*TRY IT:* From the listing that follows, reproduce only the lines from the one holding "Photograph by Криволуцкий Вячеслав" through the one holding "autoxaries CR sunfilm", both included, with no pictures.

*EXERCISE DATA:*

▬▬▬▬▬▬▬▬▬▬

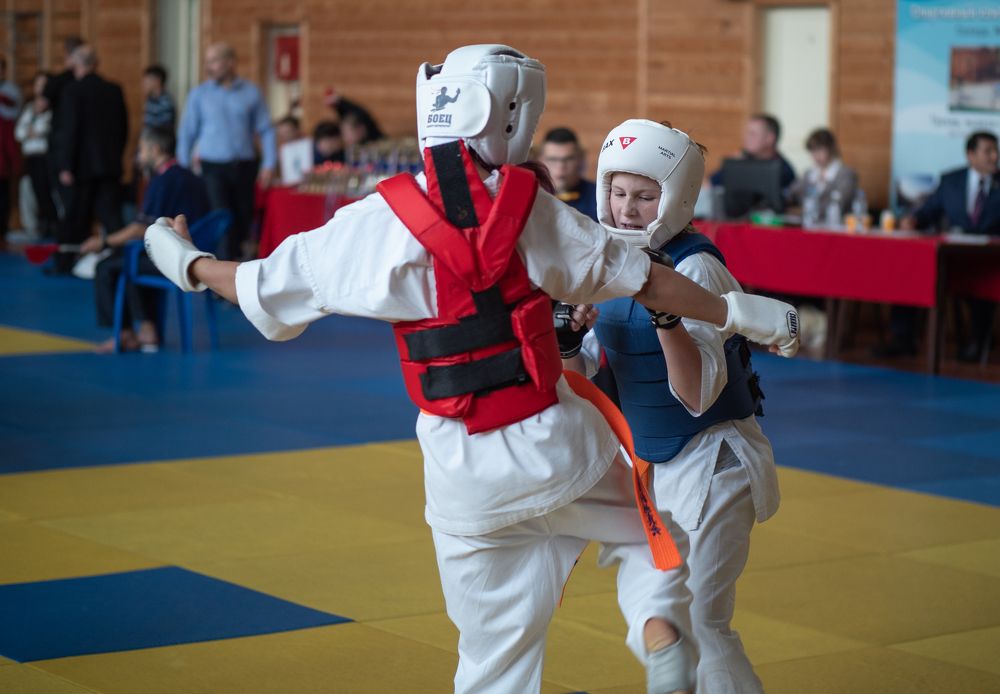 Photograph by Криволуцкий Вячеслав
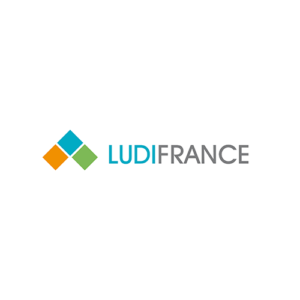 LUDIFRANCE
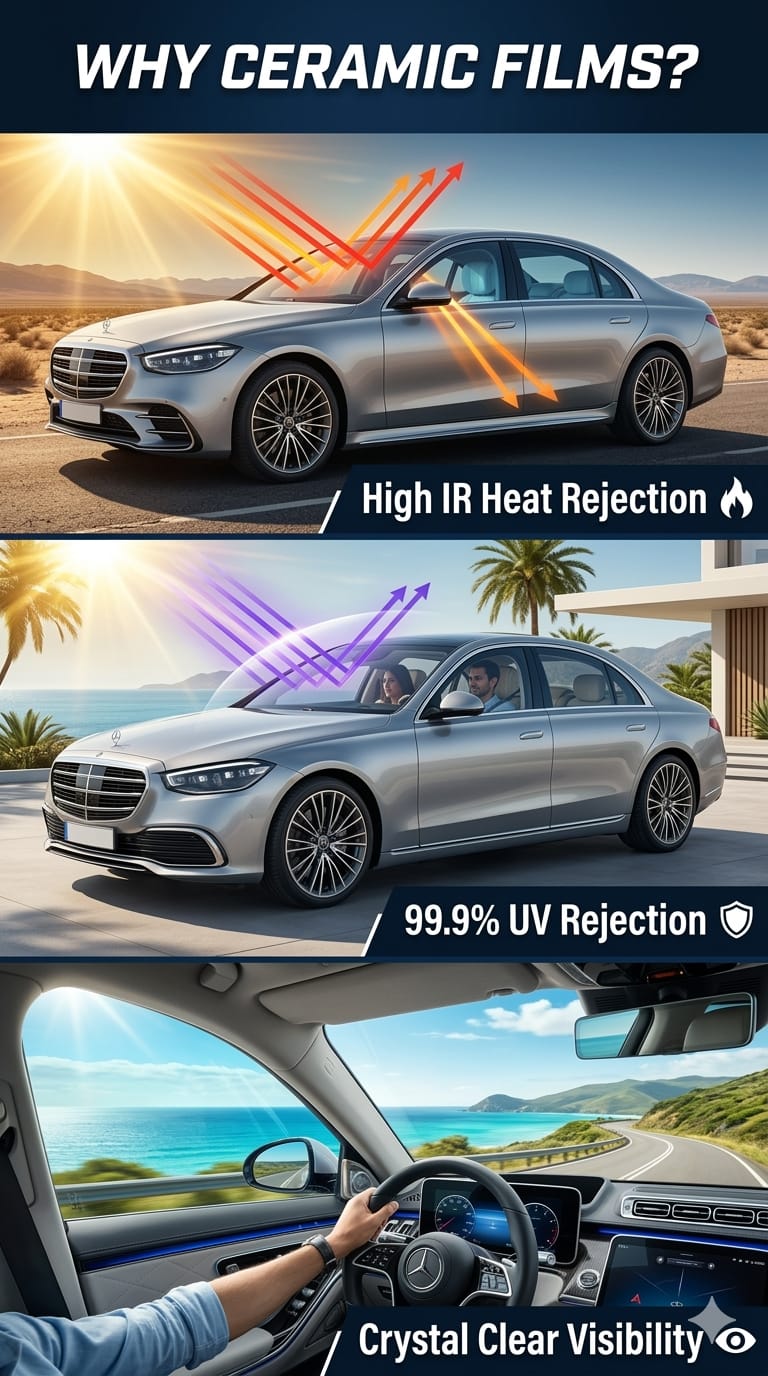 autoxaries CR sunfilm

▬▬▬▬▬▬▬▬▬▬

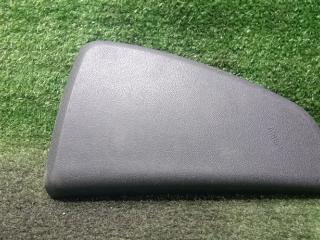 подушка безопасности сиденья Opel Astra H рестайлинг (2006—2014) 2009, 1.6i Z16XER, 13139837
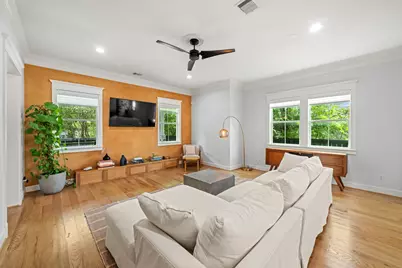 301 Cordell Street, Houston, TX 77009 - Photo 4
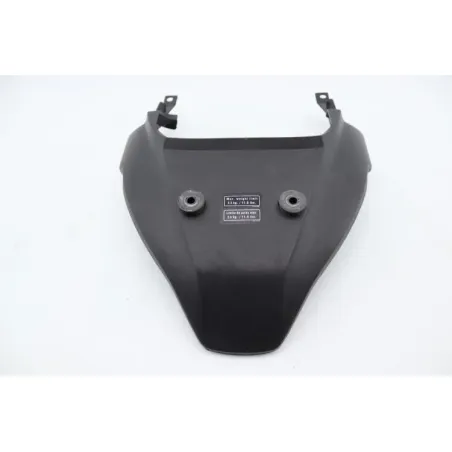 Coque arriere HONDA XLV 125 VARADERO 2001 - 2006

▬▬▬▬▬▬▬▬▬▬

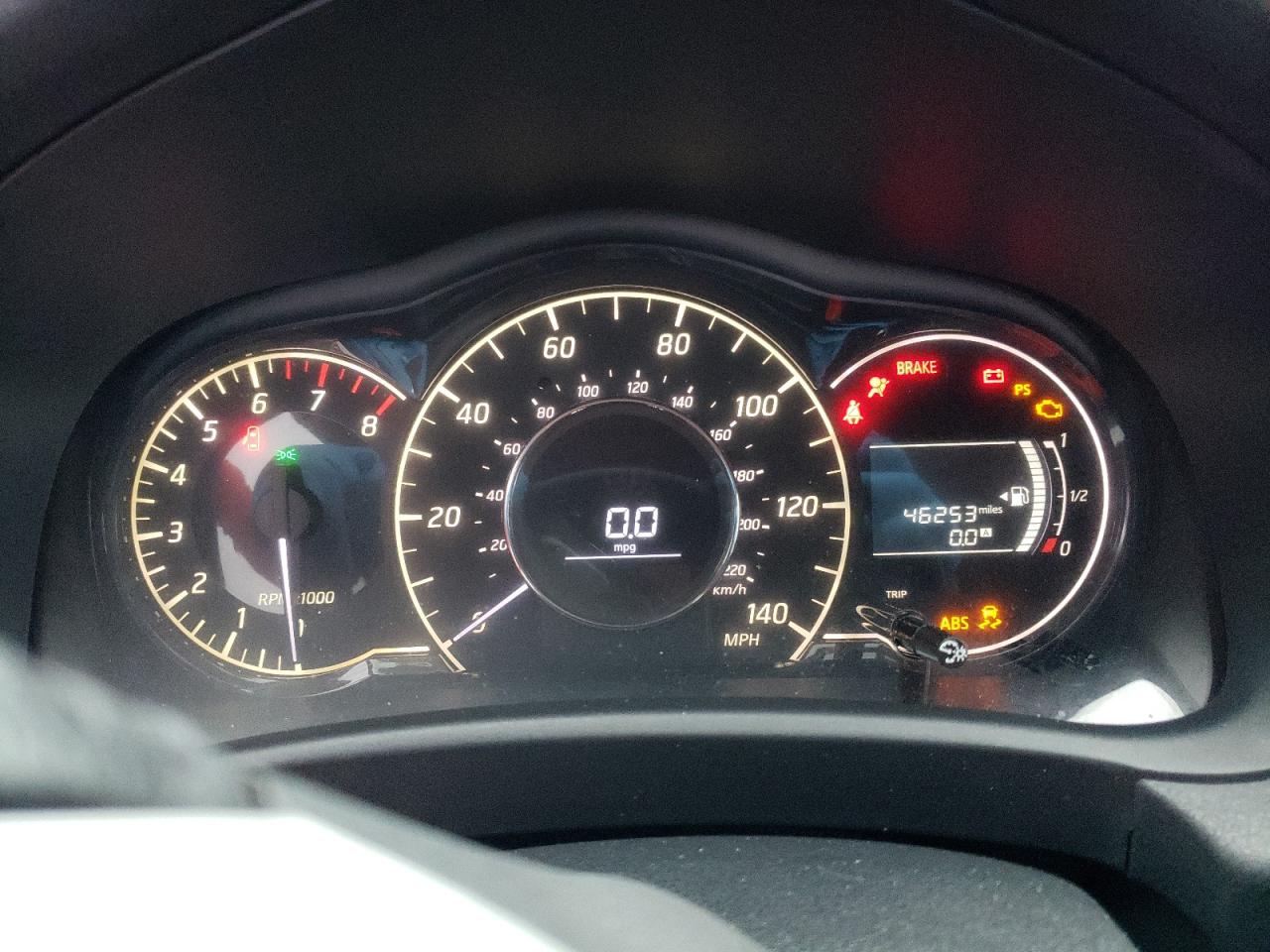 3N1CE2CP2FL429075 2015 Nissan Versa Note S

▬▬▬▬▬▬▬▬▬▬

*WRITTEN RESPONSE:*
 Photograph by Криволуцкий Вячеслав
 LUDIFRANCE
 autoxaries CR sunfilm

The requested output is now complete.